04 May 2000 | David Arminas
The Environment Agency is reviewing its major regional framework agreements in a bid to double its use of purchasing cards.
"We want to drive the contracts further down the route of purchasing cards," said Tim Griffiths, the agency's procurement strategy manager. "We hope to double our spend through the cards for next year."
The agency spent £35 million on low-value routine purchases in the last financial year. Of this, £15 million was spent via the cards, with more than £2 million being spent in March alone.
"We still feel we can do better," said Griffiths. "There is a lot of scope - the cards are not being used just for goods." For the past year, framework contracts, in which prices are set but volumes are open, have covered stationery, hotels, furniture, train travel and workwear.

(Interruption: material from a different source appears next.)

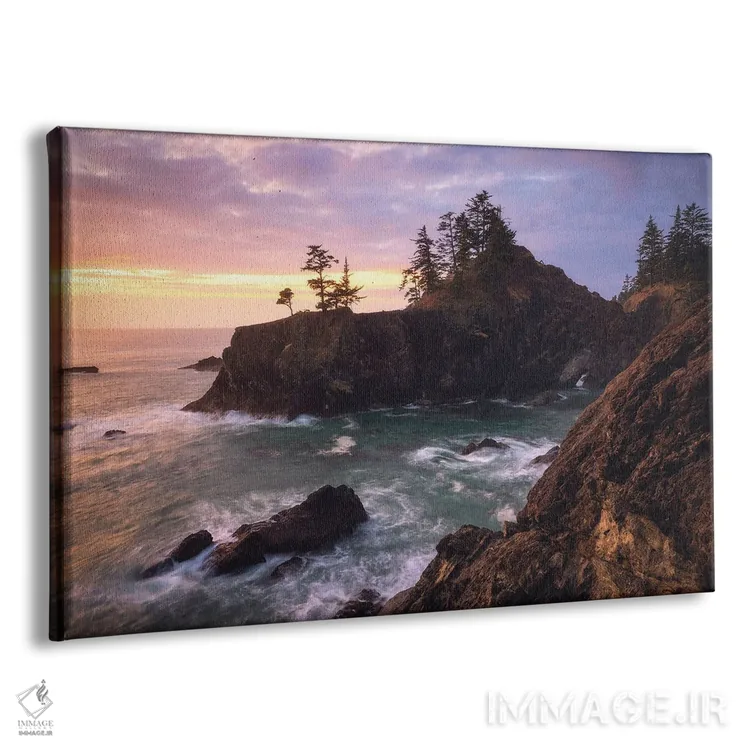 تابلو غروب در ساحل وحشی اورگن اثر دنیل گاستاگر - نمای پرسپکتیو محصول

There are 3,500 cards already in use and, despite the new drive, Griffiths said he did not expect there to be many more issued. The typical individual order limit is £1,000, with a monthly user limit of around £5,000.
If the agency succeeds in its aim to double its spending using the cards to £30 million next year, it claims it would come close to achieving the government's target of conducting 90 per cent of routine procurement electronically by next April.
The Office of Government ?ommerce, set up last month to promote procurement best practice in government departments and spearhead the drive towards the 90 per cent target, recently announced it is launching a review of the government's e-commerce policies.
This announcement came amid doubts over the practicality of meeting the target and what will count as e-commerce towards it. "As far as we are concerned, purchasing card activity is electronic trading," said Griffiths.
Last year the agency was singled out in a National Audit Office report, Modernising Government, as one of the first successful major users of purchasing cards. It was also joint winner in the government division in the inaugural Kelly's Awards for Excellence in Purchasing and Supply.